#### RECORD SET
-------

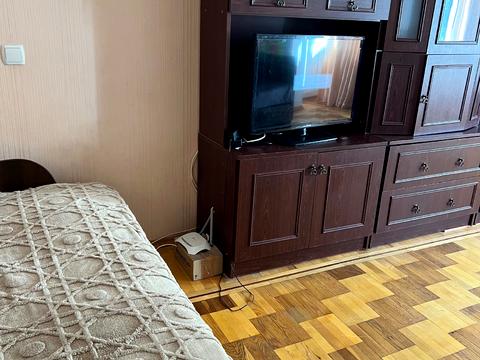 квартира за адресою Мілютенка вул., 7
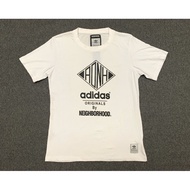 Adidas Originals X Neighborhood Tshirt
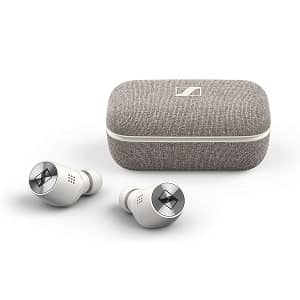 Sennheiser Momentum True Wireless 2 - Auriculares Intraurales Bluetooth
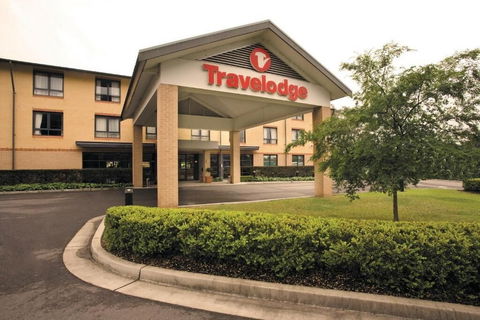 Travelodge Hotel Macquarie North Ryde Sydney - Perths Hotel 1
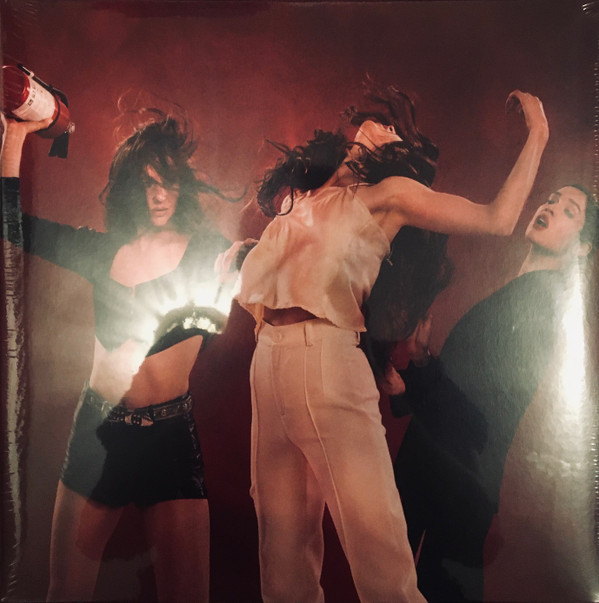 MARIE DAVIDSON & L'OEIL NU — RENEGADE BREAKDOWN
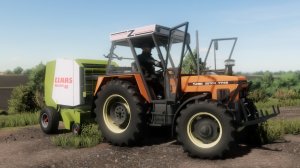 Farming Simulator 22  / Карта Polowa #15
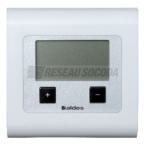  THERMOSTAT RADIO LCD ETHALDES 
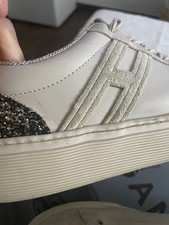 Sneaker hogan usato  Carassai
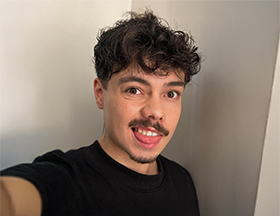 Fot ode KAUE BELIZARIO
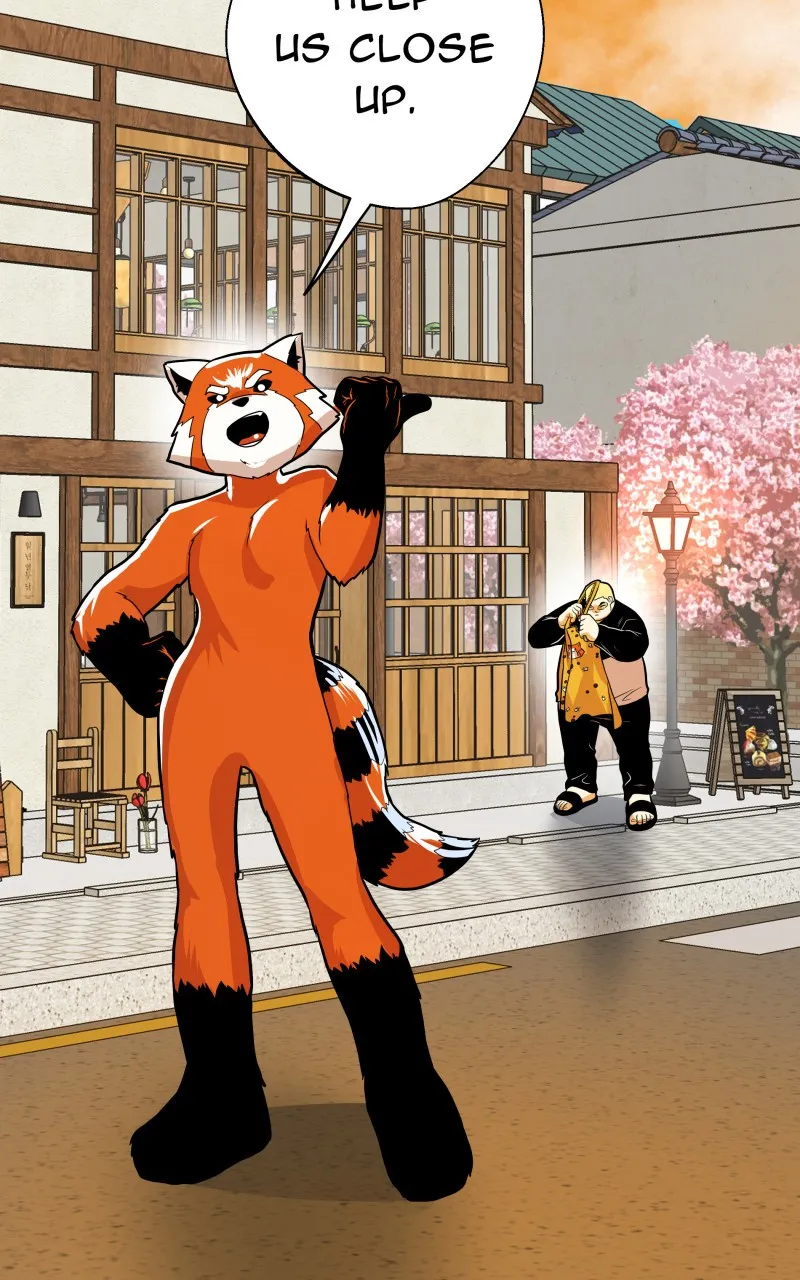 Read Samurai no Tora chapter 22 image 74 on Lezhin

-------

#### YOUR OBJECTIVE
Please retype the records above exactly, but leave out any pictures.

#### YOUR SOLUTION
 квартира за адресою Мілютенка вул., 7
 Adidas Originals X Neighborhood Tshirt
 Sennheiser Momentum True Wireless 2 - Auriculares Intraurales Bluetooth
 Travelodge Hotel Macquarie North Ryde Sydney - Perths Hotel 1
 MARIE DAVIDSON & L'OEIL NU — RENEGADE BREAKDOWN
 Farming Simulator 22  / Карта Polowa #15
  THERMOSTAT RADIO LCD ETHALDES 
 Sneaker hogan usato  Carassai
 Fot ode KAUE BELIZARIO
 Read Samurai no Tora chapter 22 image 74 on Lezhin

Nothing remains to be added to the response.